Intel® Integrated Performance Primitives
Deliberate problems developing high-performance vision, signal, security, and storage applications.

## Complex multiply by conjugate function for array

Beginner
820 Views

Hi,

I have similar requirement to have Complex multiply by conjugate function for array . Currently the function is a C implementation. The function takes quite a good amount of time in my application. I have to optimise wit either IPP or SSE.

Details on the function

--------------------------

Description: Array A x Comp Conj of B; Result in C.

mult_fc_fcConj_arrays (const Float_t *pAreal, // source of array 'A' real

const Float_t *pAimag, // source of array 'A' imag

const Float_t *pBreal, // source of array 'B' real

const Float_t *pBimag, // source of array 'B' imag

Uword32 Np, // number of points

Float_t *pCreal, // Dest for real part

Float_t *pCimag) // Dest for imag part

I have tried two version of IPP implementation.
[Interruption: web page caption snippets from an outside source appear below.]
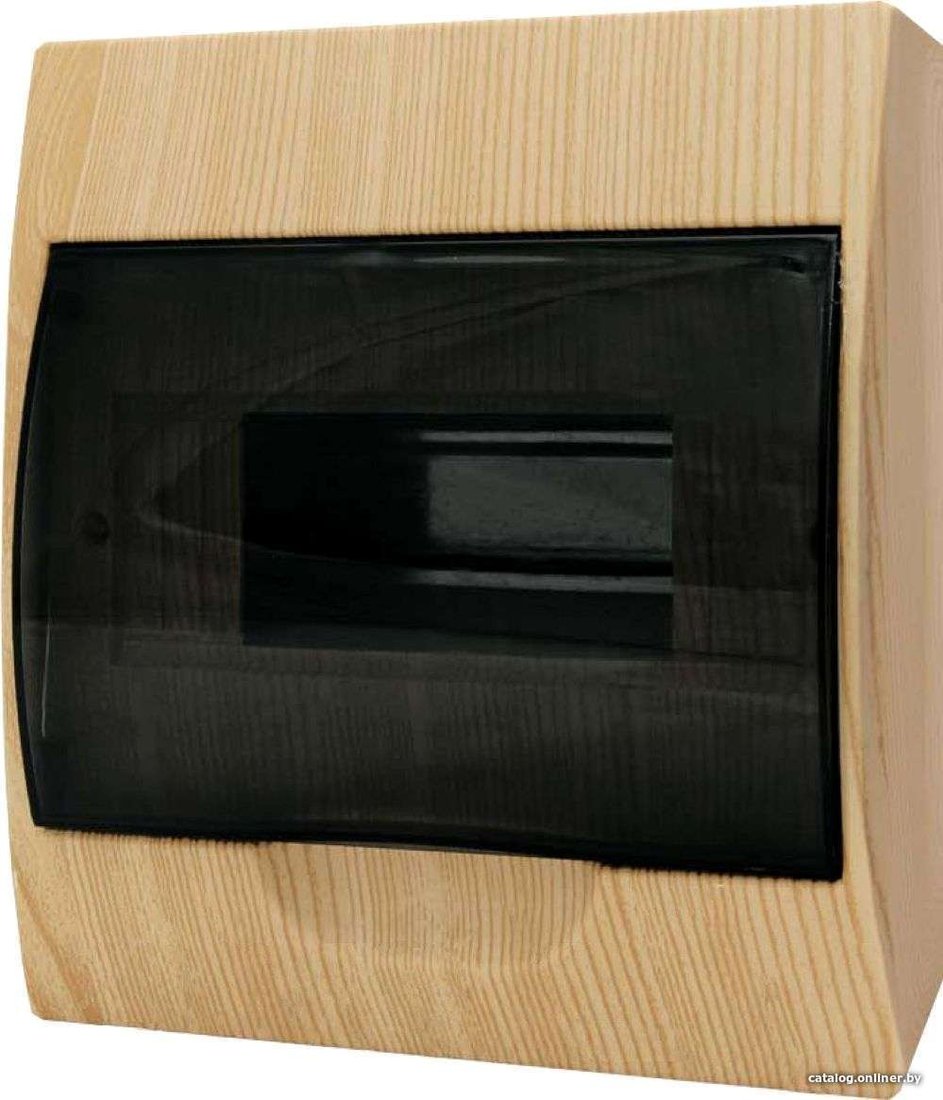 Бокс пластиковый TDM Electric SQ0901-0014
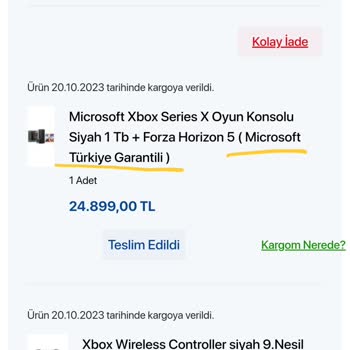 D&R İkinci El Ürünleri Sıfır Ve Garantiliymiş Gibi Satıyor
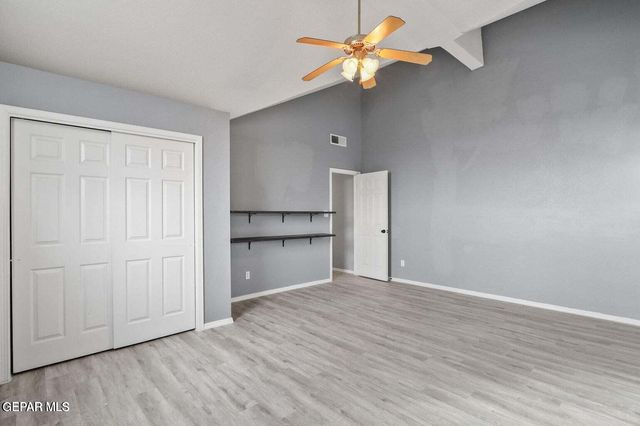 653 Pete Payan Drive, El Paso, TX 79912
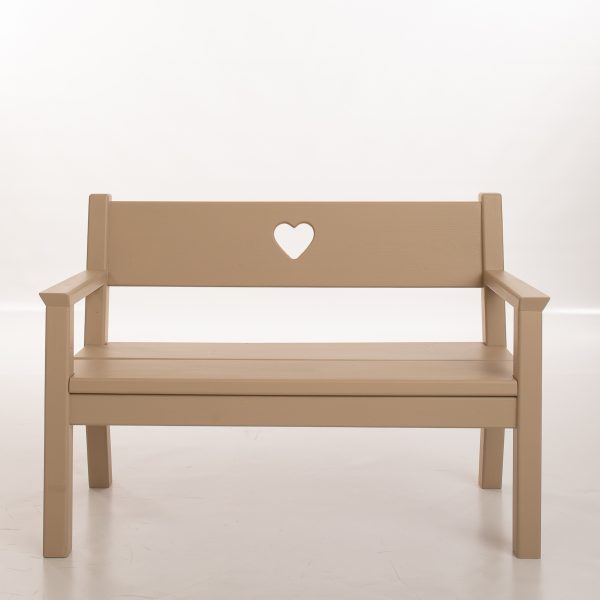 Sandtorg (benk) - Bilde 2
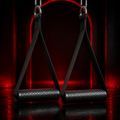 Poignée de Tirage RED FLAG – Grip Pro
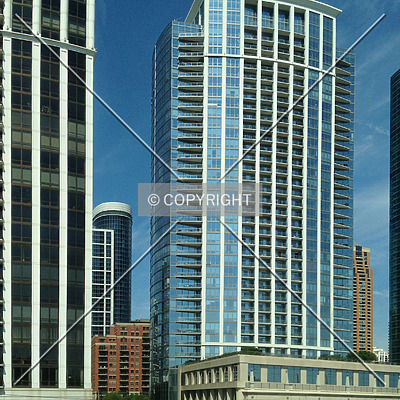 Museum Tower by Nephilim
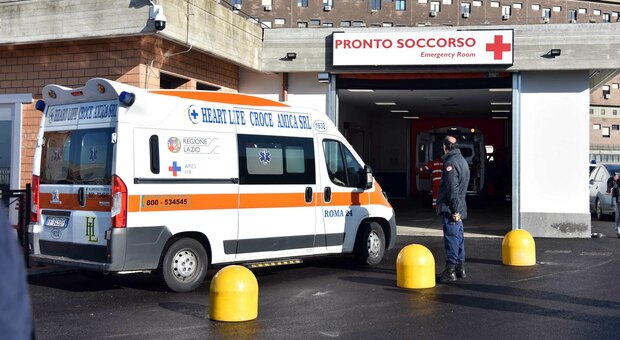 Pronto soccorso, la Uil lancia l'allarme: "A Belcolle più accessi che a Roma, servono medici e infermieri"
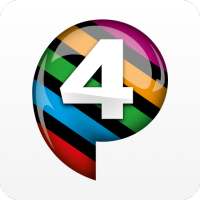 P4 Radio on 9Apps
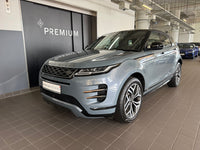 Land Rover Range Rover Evoque 2.0P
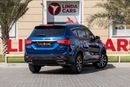 DFSK Fengon 580 INTELLIGENCE DFSK Fengon 580 2023 GCC specs for 623.00 AED monthly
But both version are slower then C.

//IPP implementation

IppStatus ippStats;

Ipp32fc *pSrcA, *pSrcB, *pDst; // Typecasting input and outpointers in IPP Complex format

/*//Implement-1

// p + qj = (aR+aI*j)*(bR-bI*j)=(aR*bR+aI*bI) + (aI*bR-aR*bI)j

ippsMul_32f(pAreal,pBreal,pCreal,Np);

//Calculating q = (aI*bR-aR*bI)

ippsMul_32f(pAimag,pBreal,pCimag,Np);

//Make -bI vector from bI vector

ippsSubCRev_32f_I(0,(Ipp32f *)pBimag,Np);

*/

//Implement-2

//Allocate memory for pSrcA, pSrcB and pSrcC buffer

pSrcA = ippsMalloc_32fc(3*Np);

pSrcB = &pSrcA[Np];//ippsMalloc_32fc(Np);

pDst = &pSrcA[2*Np];//ippsMalloc_32fc(Np);

if((pSrcA==0)||(pDst==0)||(pSrcB==0))

{

IPP_ERR_STATUS_var = ippStsMemAllocErr;

myIppsFree(pSrcA);//myIppsFree(pSrcB);myIppsFree(pDst);

return afDspUtils_Filter_Intel_IPP_error_See_IPP_ERR_STATUS;

}

//First Convert 2 separte IQ buffers to single complex number buffer

//IppStatus ippsRealToCplx_32f(const Ipp32f* pSrcRe, const Ipp32f* pSrcIm, Ipp32fc* pDst, int len);

ippsRealToCplx_32f(pAreal, pAimag, pSrcA, Np);

ippsRealToCplx_32f(pBreal, pBimag, pSrcB, Np);

//Using IPP API:-

//IppStatus ippsMulByConj_32fc_A21 (const Ipp32fc* pSrc1, const Ipp32fc* pSrc2, Ipp32fc* pDst, Ipp32s len);

ippStats = ippsMulByConj_32fc_A21 (pSrcA, pSrcB, pDst, Np);

if(ippStats!=ippStsNoErr)

{

IPP_ERR_STATUS_var = ippStats;

myIppsFree(pSrcA);//myIppsFree(pSrcB);myIppsFree(pDst);

return afDspUtils_Filter_Intel_IPP_error_See_IPP_ERR_STATUS;

}

//Now Convert output complex buffer to 2 separte IQ buffers

//IppStatus ippsCplxToReal_32fc(const Ipp32fc* pSrc, Ipp32f* pDstRe, Ipp32f* pDstIm, int len);

ippsCplxToReal_32fc( pDst, pCreal, pCimag, Np);

myIppsFree(pSrcA);//myIppsFree(pSrcB);myIppsFree(pDst);

Then I implemented the function using SSE. Which is quite fast and works perfect in my application as long as the vectors are 16-byte aligned.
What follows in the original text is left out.